A estas alturas ya ha caído la noche y el viaje se hace algo más pesado: casi desaparecida la luz del sol, apenas se ve lo que hay más allá de los cristales de las ventanas, y en las paradas sólo los vendedores con linternas que suben, o a los que se alumbra con las luces de los móviles, alternan ligeramente el paisaje.


Las últimas horas del viaje, que ha sobrepasado con creces el tiempo estimado inicial, se le hacen más largas a los turistas, quienes, ilusos de ellos, contaban con llegar a Manakara a primera hora de la noche y habían olvidado por completo que en Madagascar, y más concretamente en este tren, el tiempo es relativo.


La noche es cerrada y no se ve el mar, pero empieza a olerse y sentirse.
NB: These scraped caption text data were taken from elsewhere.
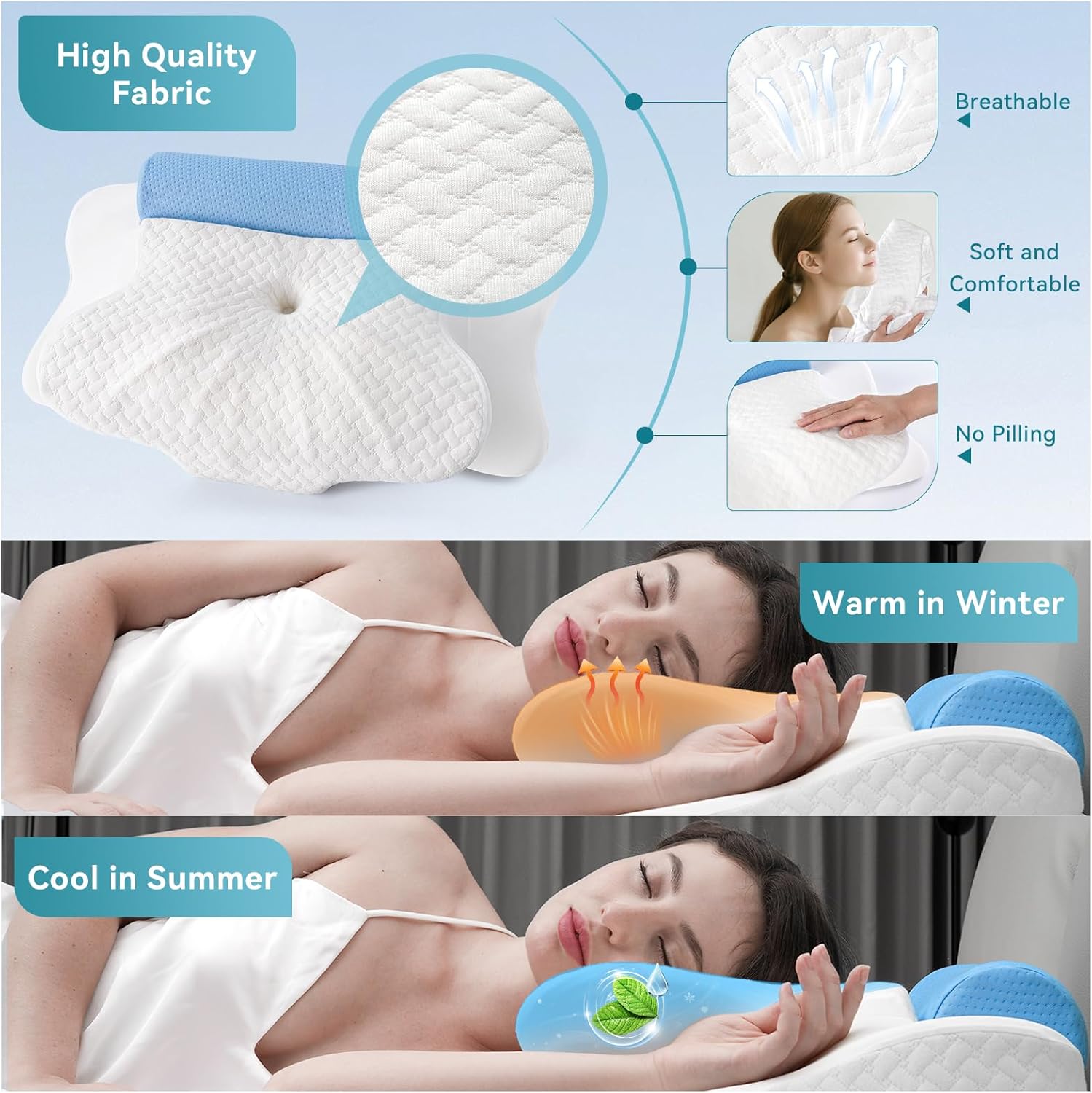 Cervical Pillow with Removable Neck Roll 2-in-1,Orthopedic Memory Foam Pillow for Side, Back & Stomach Sleepers, Ergonomic Traction Support for Neck Shoulder Back Pain Relief, Sleeping Comfort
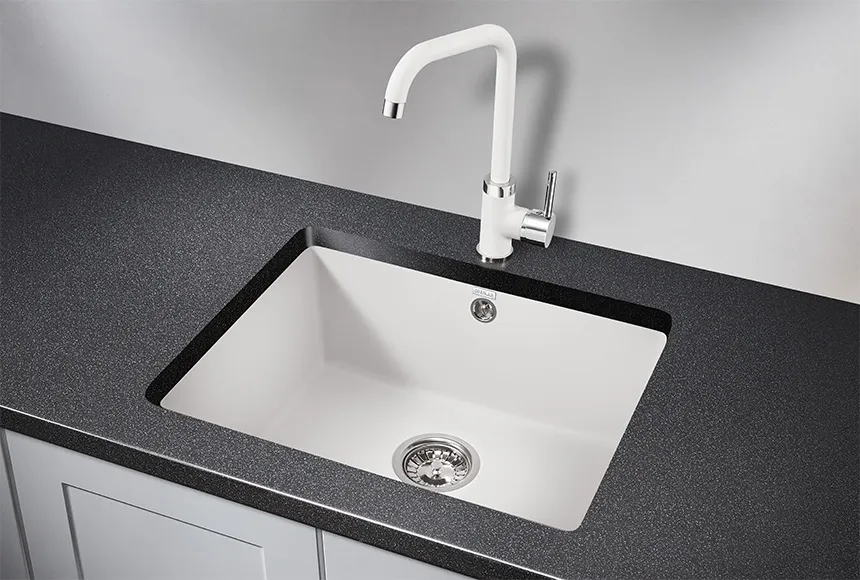 5551, АРКТИК (БЕЛЫЙ), кухонная мойка, кварц GRANULA 5551-ST231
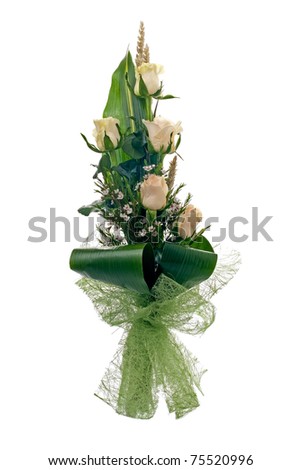 White And Yellow Rose Bouquets. stock photo : Pale yellow rose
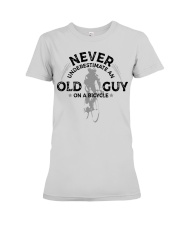 Never underestimate an old guy with bicycle Premium Fit Ladies Tee tile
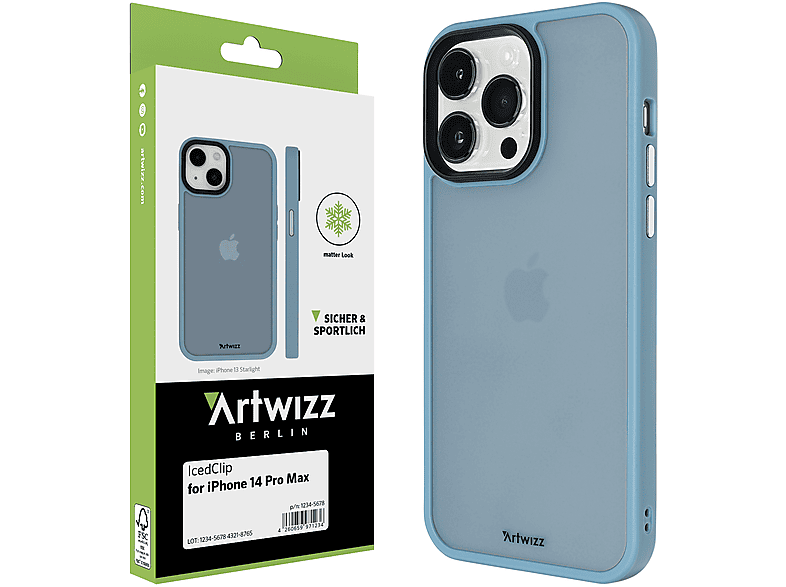ARTWIZZ IcedClip, Backcover, Apple, iPhone 14 Pro Max, Blau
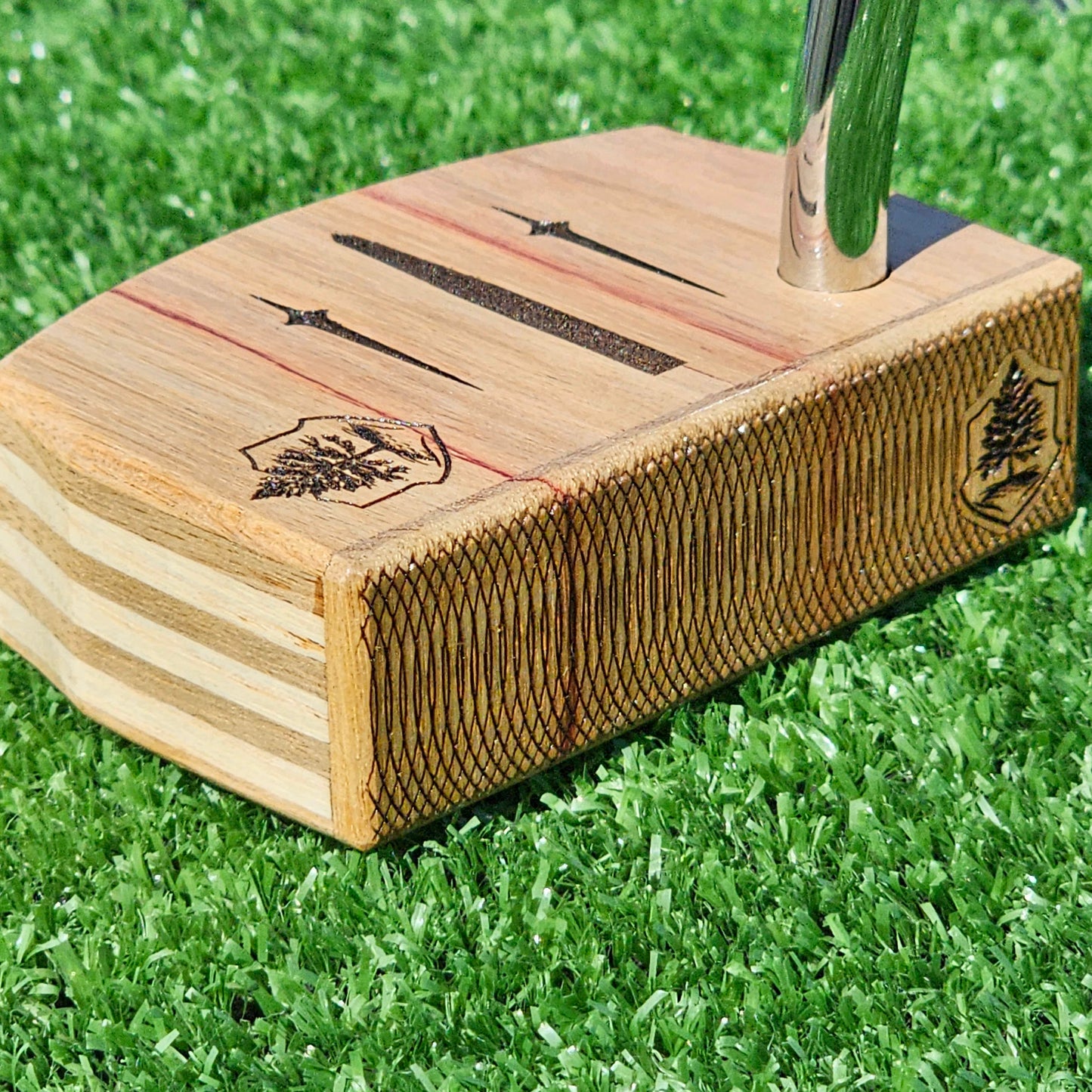 Canarywood putter with Butternut and Red Oak layered body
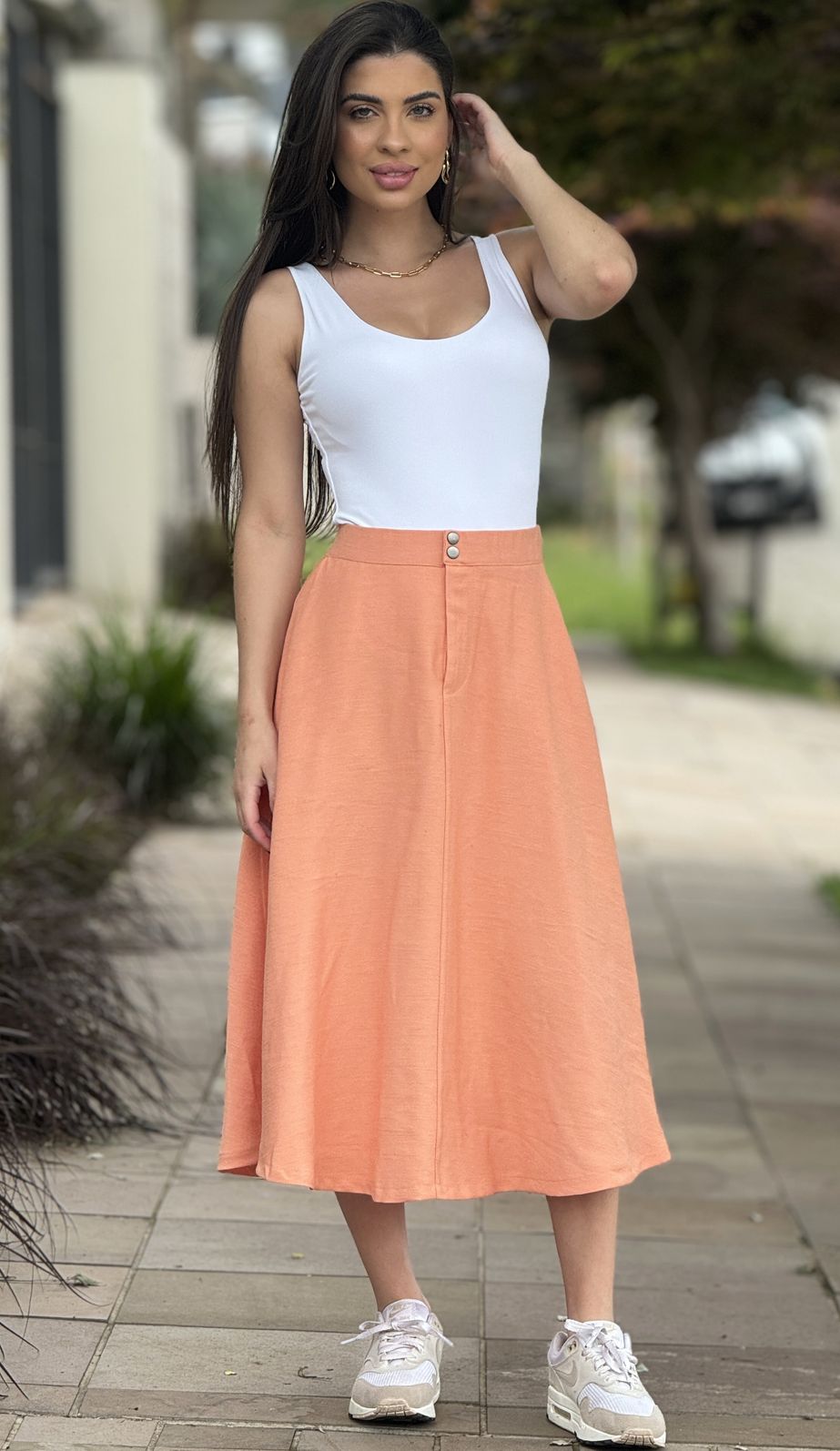 Saia Midi Rafaela Coral Saia Midi Rafaela Coral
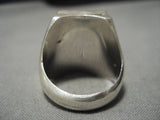 Huge Men's Vintage Native American Navajo Squared Sky Blue Turquoise Sterling Silver Ring Old-Nativo Arts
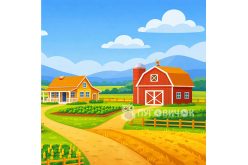 Фетр корейский жесткий с узором фон: ферма 20х20см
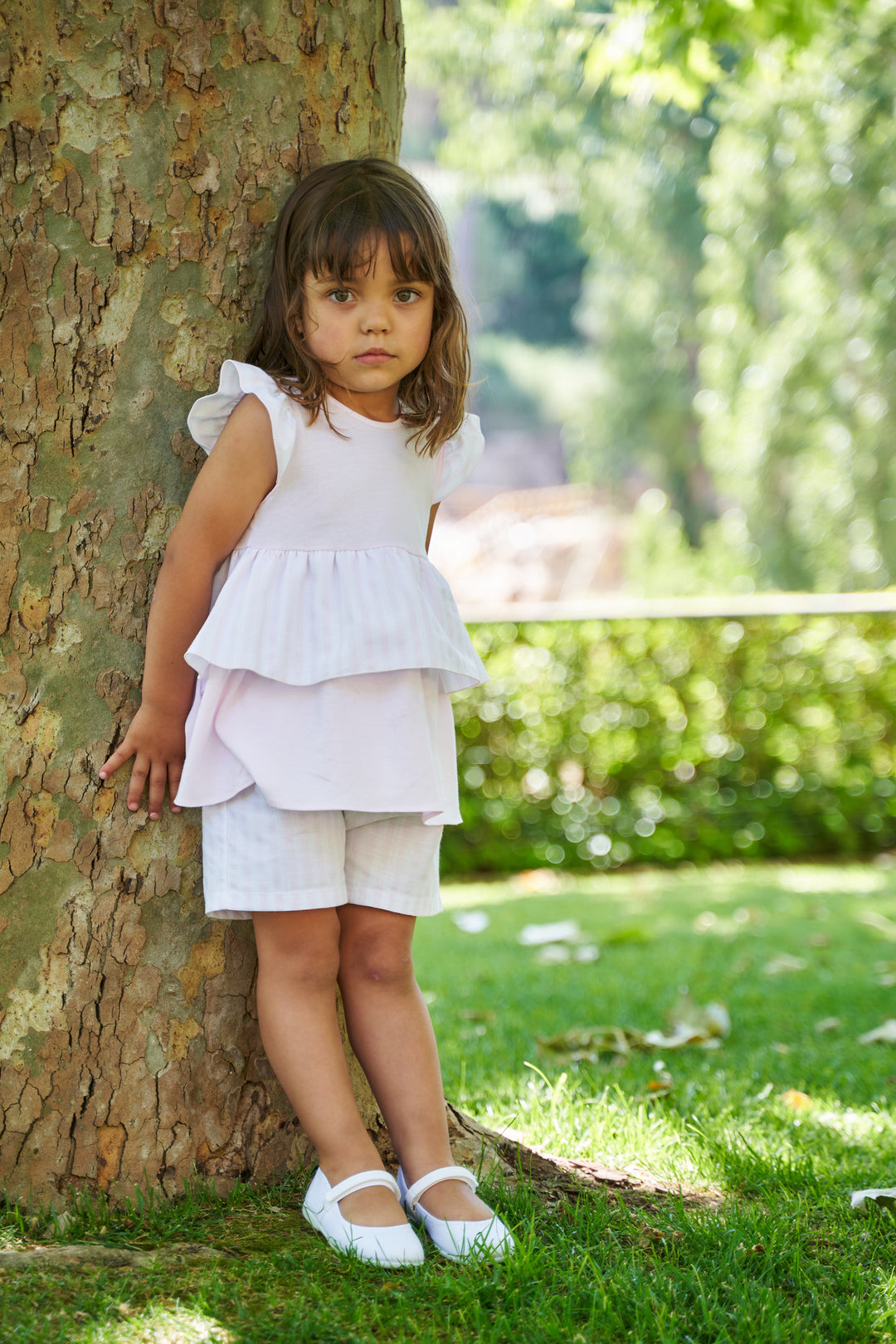 SS23 Rapife Girls Cala Pink & White Stripe Shorts Set - Liquorice Kids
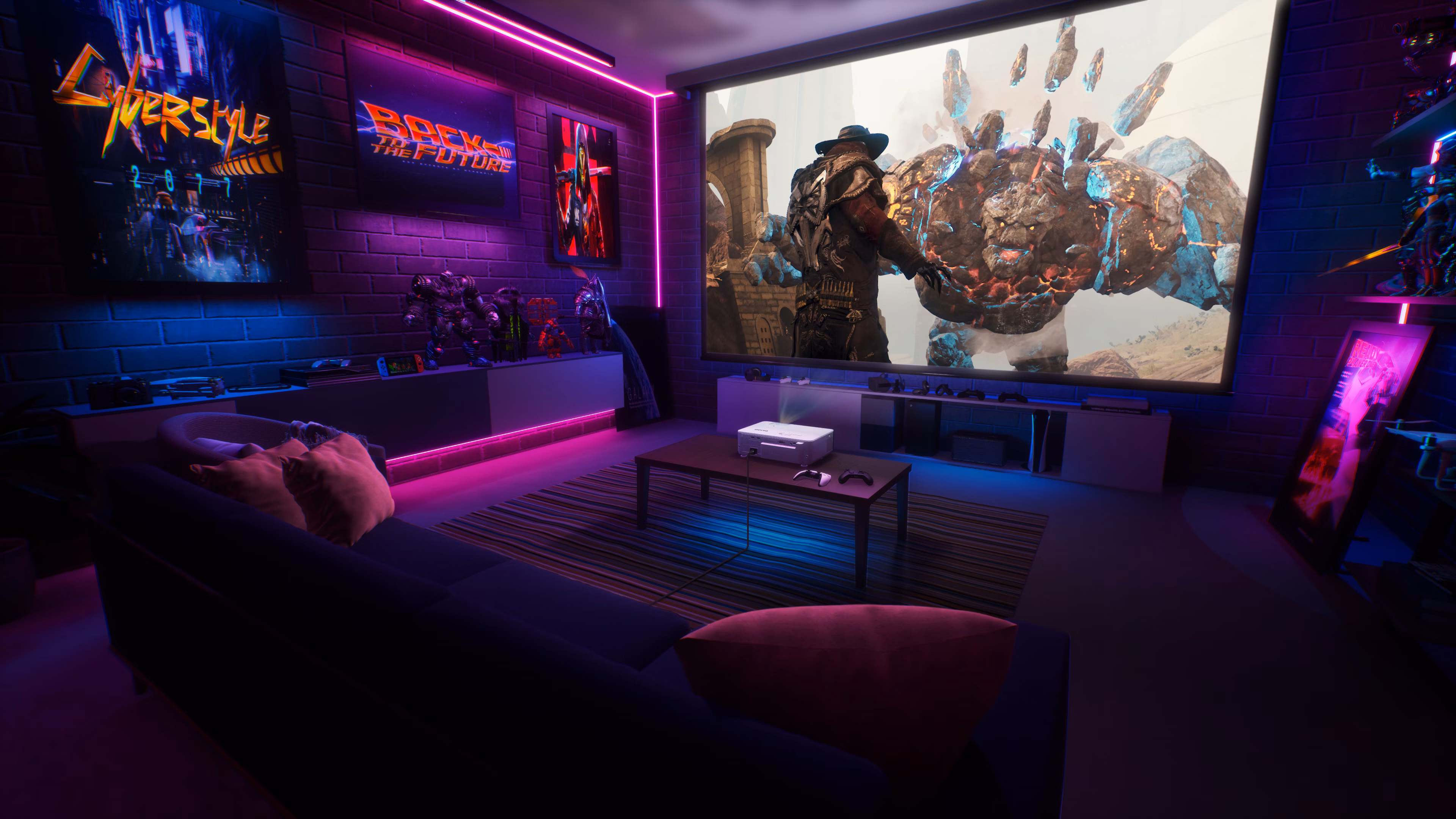 High-end smart gaming room setup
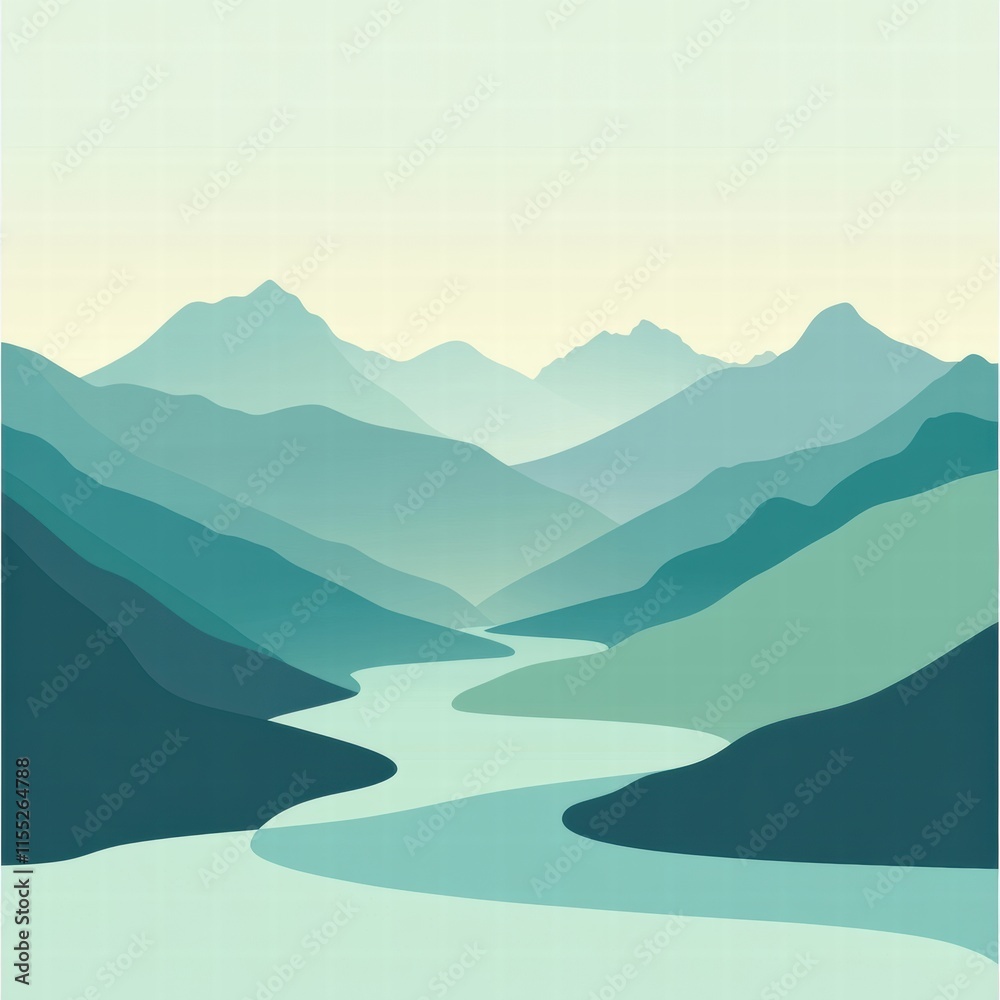 Poster majestic mountain range with a winding river creating a peaceful landscape. generative ai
En ese momento comienza la barahúnda mientras los locales se ponen de pie y agarran sus maletas y bártulos -gallinas incluidas- a toda prisa para evitar los atascos de salida del tren. Los vazahas, aliviados algunos y resignados otros tantos al ver que el viaje ya toca su fin, imitan a sus colegas y hacen lo propio con su equipaje. El expreso comienza a reducir la velocidad al tiempo, que de lejos, se empieza a ver la silueta de la estación y de las palmeras. Tras el caos y el tumulto inicial generado por el desembarco en Manakara, los turistas van abandonando la estación mientras decenas de conductores de tuk-tuk o pousse-pousse esperan y se abalanzan ansiosos sobre los exhaustos vazahas para llevarlos a sus hoteles.


El tren descansará ahora unas horas en la costa antes de ponerse en marcha el domingo -salidas de Manakara a Fianarantsoa los miércoles y domingos a las 7:00 de la mañana, en teoría- de vuelta hacia el altiplano. La parafernalia es la misma, la experiencia en el viaje siempre diferente.